Le meilleur club de handball féminin français de tous les temps fête son soixantième anniversaire. S’il règne sans partage avec 26 titres de champion national, le club a également permis à l’équipe de France féminine de s’imposer sur la scène mondiale. Le Metz Handball, club phare du handball féminin français, incarne une histoire riche en succès, en innovations et en moments mémorables. De ses modestes débuts à sa domination actuelle sur la scène nationale et sa percée remarquable sur la scène européenne, le club lorrain a marqué l'histoire du sport français.
Pour marquer cet événement, une exposition au Musée de Metz et une soirée de gala ont été organisées.
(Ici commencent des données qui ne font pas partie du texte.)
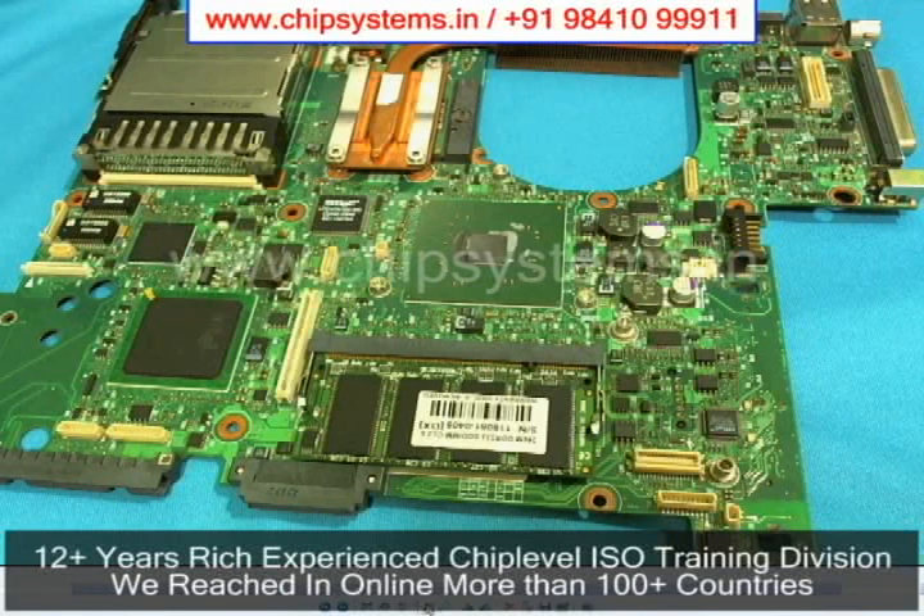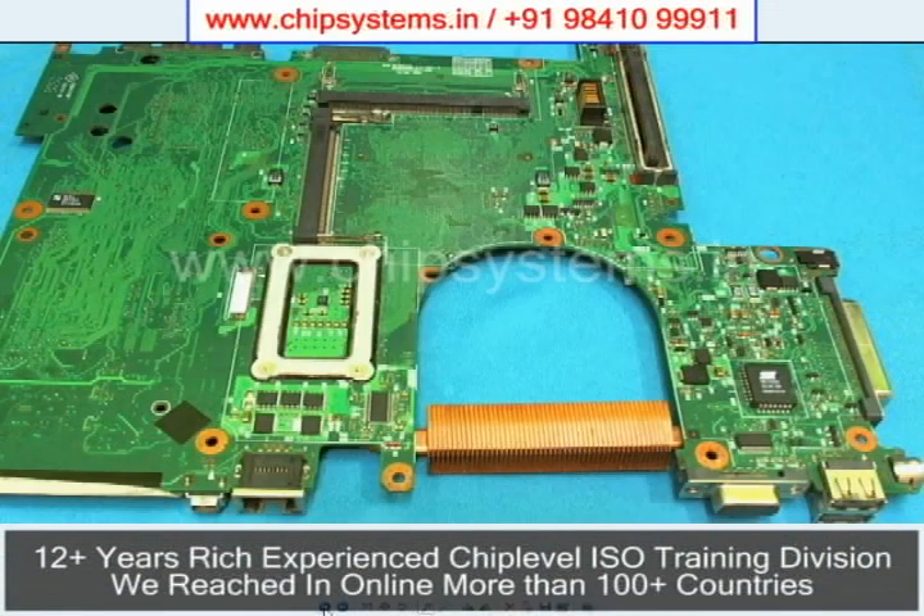Left-Harm Motherboard Components Identification. This is the HP NX6120 Left-Harm Motherboard Front View. This is the back view of the HP NX6120 Left-Harm Motherboard.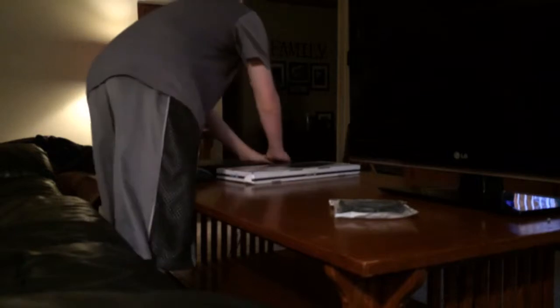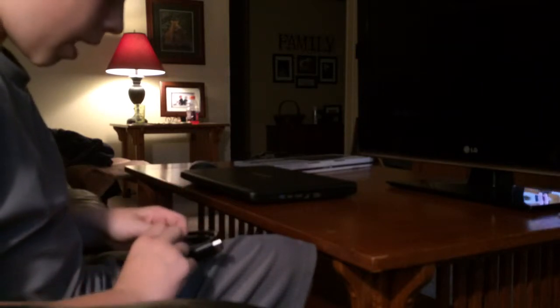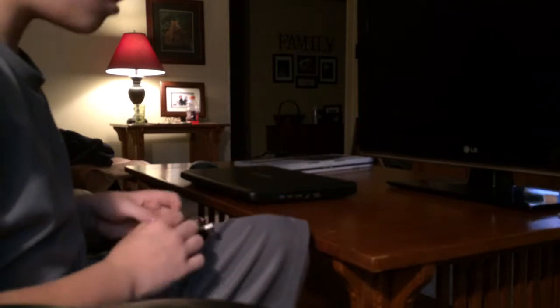Next thing you want to do is connect your HDMI cable to your computer. I'm going to go ahead and do that — let me just open the HDMI cable. Most computers come with this capability. Say you have a small computer and you want the screen bigger and the keyboard bigger — this is what you would use.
Pour retracer cette formidable épopée du sport français, une exposition retrace l’histoire du club et son parcours au musée de la Cour d’or à Metz du 12 mars au 26 mai. Depuis plus de dix ans maintenant, les Dragonnes nous surprennent régulièrement en investissant des lieux emblématiques de la ville de Metz : après avoir organisé des soirées de présentation de l’équipe à l’Opéra-théâtre, à la cathédrale, sur le Plan d’eau… Metz Handball investit cette fois le Musée de la Cour d’Or pour un retour sur les 60 années qui ont fait ce club.
Metz Handball est avant tout une formidable aventure humaine. Le club, qui n’a cessé de grandir et de se professionnaliser, fête mardi 11 mars ses 60 ans.
Les Premières Heures de Gloire : Des Années 80 aux Années 2000
L'histoire du Metz Handball est intimement liée à l'essor du handball féminin en France. Dans les années 90, le club a connu ses premiers succès majeurs, remportant son premier titre de champion de France en 1989 grâce notamment à Corinne Zvunka, épouse d'Olivier Krumbholz.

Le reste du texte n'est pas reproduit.